The evaluate script can be used to evaluate the results of the training and to save a file containing the relevant outputs. In the case of classification, a npz file will be created containing the classifier outputs, true labels, and anything saved as part of the "global" features in the dataset file. Let's quickly evaluate the model we just trained:

omnilearned evaluate  -i ./ -o ./ --save-tag test_training --dataset top --path PATH/TO/YOU/STORAGE --size small

You can inspect the npz file generated and quickly calculate any metric, for example:

import numpy as np
from sklearn.metrics import roc_auc_score

data = np.load("outputs_test_training_top_0.npz")
predictions = data["prediction"]
labels = data["pid"]

auc = roc_auc_score(labels, predictions[:,1])
print(f"AUC: {auc:.4f}")

Using the Pre-trained checkpoint

Even though we provide all the ingredients required to perform the model pre-training we also make the trained checkpoints available, so you can easily fine-tune your own relevant dataset. For example, let's again train a model using the top tagging dataset, but this time we will fine-tune our model.

omnilearned train  -o ./ --save-tag test_training_fine_tune --dataset top --path PATH/TO/YOU/STORAGE --size small --epoch 1 --fine-tune --pretrain-tag pretrain_s

We also provide trained checkpoints for the medium (m) and large (l) models. The evaluation is carried out exactly the same as before, just change the name of the checkpoint to be loaded.

Creating Your Own Dataset

Instead of using the pre-loaded dataset you can use OmniLearned on your own problem. For this create a folder named custom where your dataset will be saved. Inside this folder, create the subfolders train/test/val. These folders will hold your datasets used during the training of OmniLearned.

Dataset Contents

The minimum requirement is that your file, saved as an .h5, file contains a dataset named data containing the kinematic information of your particles in the following order:

  • $\Delta\eta$: pseudorapidity difference between the particle and jet axis
  • $\Delta\phi$: azimuthal angle difference between the particle and jet axis
  • $\log(p_T)$: log of the particles transverse momentum
  • $\log(E)$: log of the particles energy

If that corresponds to all information given, the dataset named data will have shape (N,M,4), where N is the number of entries and M is the maximum number of particles in the dataset.

Additional features can be included, such as the PID. In this case, create a single feature per particle with an integer that assigns a different ID to different types of PIDs considered. You can use the following pseudo-code to convert PDGID values to a pid feature used in OmniLearned.

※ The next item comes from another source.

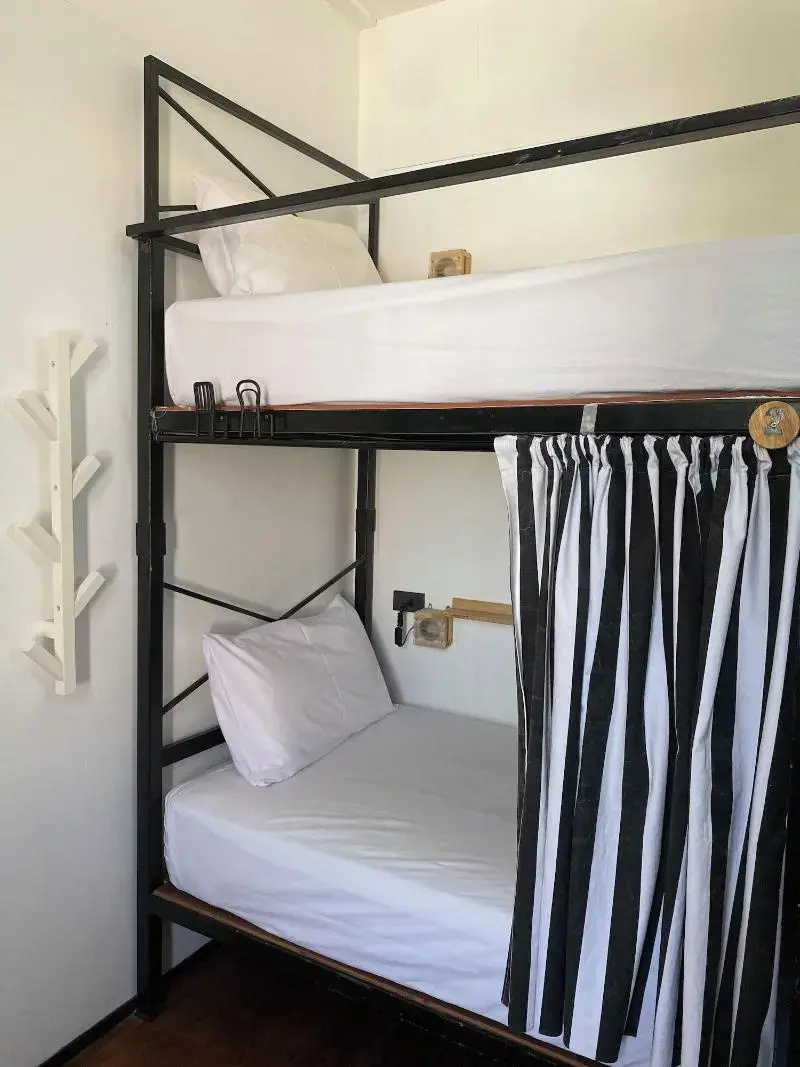 Foto - Sherloft Home & Hostel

#Use only experimentally-acessible PIDs
pid[pid==321] = 211
pid[pid==2212] = 211
pid[pid==-321] = -211
pid[pid==-2212] = -211
pid[pid==2112] = 130
pid[pid==-2112] = 130
integer_pid = np.searchsorted(np.unique(pid), pid)

by default, the PID position in the dataset named data is expected to be at position 4 but can be changed by modifying the argument passed to the flag --pid_idx when running OmniLearned. Don't forget to use the flag --use-pid when training the model.

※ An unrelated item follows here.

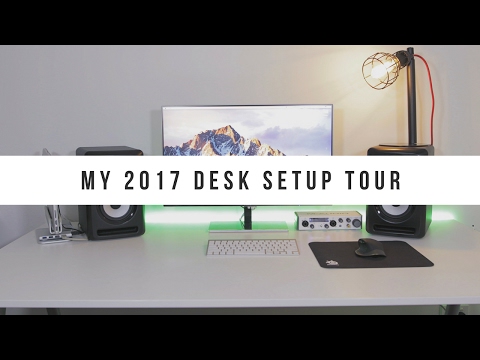 desk-setup-tour-–-pro-video-editing-setup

Additional features, such as vertex information, can also be included in the model. These can be added after the kinematic information and PID in the dataset and used by the model by adding the flags --use-add --num-add X. If you want to consider exactly the same features used by OmniLearned, then 4 additional features are used in the form of :

  • $\tanh D_0$: hyperbolic tangent of the transverse impact parameter
  • $D_0$ error: Error in the $D_0$ estimation
  • $\tanh D_z$: hyperbolic tangent of the impact parameter in the z-direction
  • $D_z$ error: Error in the $D_z$ estimation

However any relevant information can be included in these entries.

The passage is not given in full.